Also its a parts nightmare as some types do not interchange, making our EMEIs almost rocket science and quite confusing.

However, soon only the MkIII's will be in service as the othes will be culled thru attrition.

The BHP will remain in service here for years to come.


----------



## Lance Wiebe (28 Oct 2004)

I'm trying to dredge up some old memories.

Back in the days when I did a lot of pistol shooting, all of my shooting was done with army issue 9mm.

One day, I picked up a box of civilian 9mm, and went to fire them.  I was quite shocked.  It was like the difference between 357 and 38 special, that much of a difference in felt recoil, and our aim/hit points changed big time, as well.

So, we pulled some of the bullets, and measured the powder.  Here's where the memory might be a bit out.  Seems to me that the civilian ammo had a propellant charge weight of around 4 grains.  This sound right?  The military ammo (we pulled five rounds apart) weighed in between 6.5 and 6.8 grains.

So, easily a 50% increase in propellant.

I have no clue what types of propellant were used in each round, which would of course affect burn time and pressures.  But it did satisfy our curiousity.........

We were alos surprised that the military ammo had such a wide spread of weights.  We were hoping that our rifle and tank ammo were subjected to some better quality control standards.

Hey, Ammo Techs, how about some input here?


----------



## KevinB (28 Oct 2004)

Our issue 9mm is 124gr - it is the NATO standard weight.

 We chrono'd some a few years ago and it FAST - cira 1350fps out of the BHP
However sometime a while back the gov't realised we dont have the C1 SMG anymore and the ammo got downloaded - it not longer has the same "zing" to it - and shootering it has notcieable difference as the slide does nto slam to the rear in the same violent manner.

I am not a fan of the new Browning DA guns - they are not up to the standard
IF we get a new pistol my vote would have to be for the Sig P226 (althought my fav would be for the new USMC Kimber .45  ;D - but I know Canada won't go .45)


My NOVAK custom BHP gun

















and it in "action" (Basegun club at lunch - dont everyone get their nickers in a knot I am not takign it out on ex's)


----------



## 1feral1 (28 Oct 2004)

Back after the cracked barrel scares in the early 1980s, the CF later had IVI develop a 'reduced' charge for the pistol.

The nomenclature and 'for wpns UN No' also was different from the 9mm ball for the C1 SMG. By the late 80's to 1990, the C1 SMG was gone.

In the past the Cdn 9mm ball as known as the hottest milspec 9mm ammo around, and was common to damage captured P08 and P38 pistols.


Cheers,

WEs


----------



## Slim (29 Oct 2004)

While shooting in SFSAC in '92 I watched a unit of the U.S. Army shoot our ammo with their brand new issued Berretta pistols...The results were a bit surprising.

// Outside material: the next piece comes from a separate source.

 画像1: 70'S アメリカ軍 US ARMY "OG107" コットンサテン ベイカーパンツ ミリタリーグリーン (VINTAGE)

The Berretta's were almost all blown up (slivered barrel and slide cracked in to 2 or 3 pieces) after shooting our ammo for a time. (a very short time)

It was later determined that there had been a fault with the first issue of the U.S. Army's new service pistol, and that the falut (never did find out what it was) was corrected and the weapons have gone on to perform up to their standards. I guess shooting our "hot" ammo didn't help either.

Slim


----------



## pappy (29 Oct 2004)

luckily they did find the cause.  It wasn't just hot ammo that was a problem.  They redisgned the slide, added some reenforcement in the slide to stop the seperation of the slide from the frame.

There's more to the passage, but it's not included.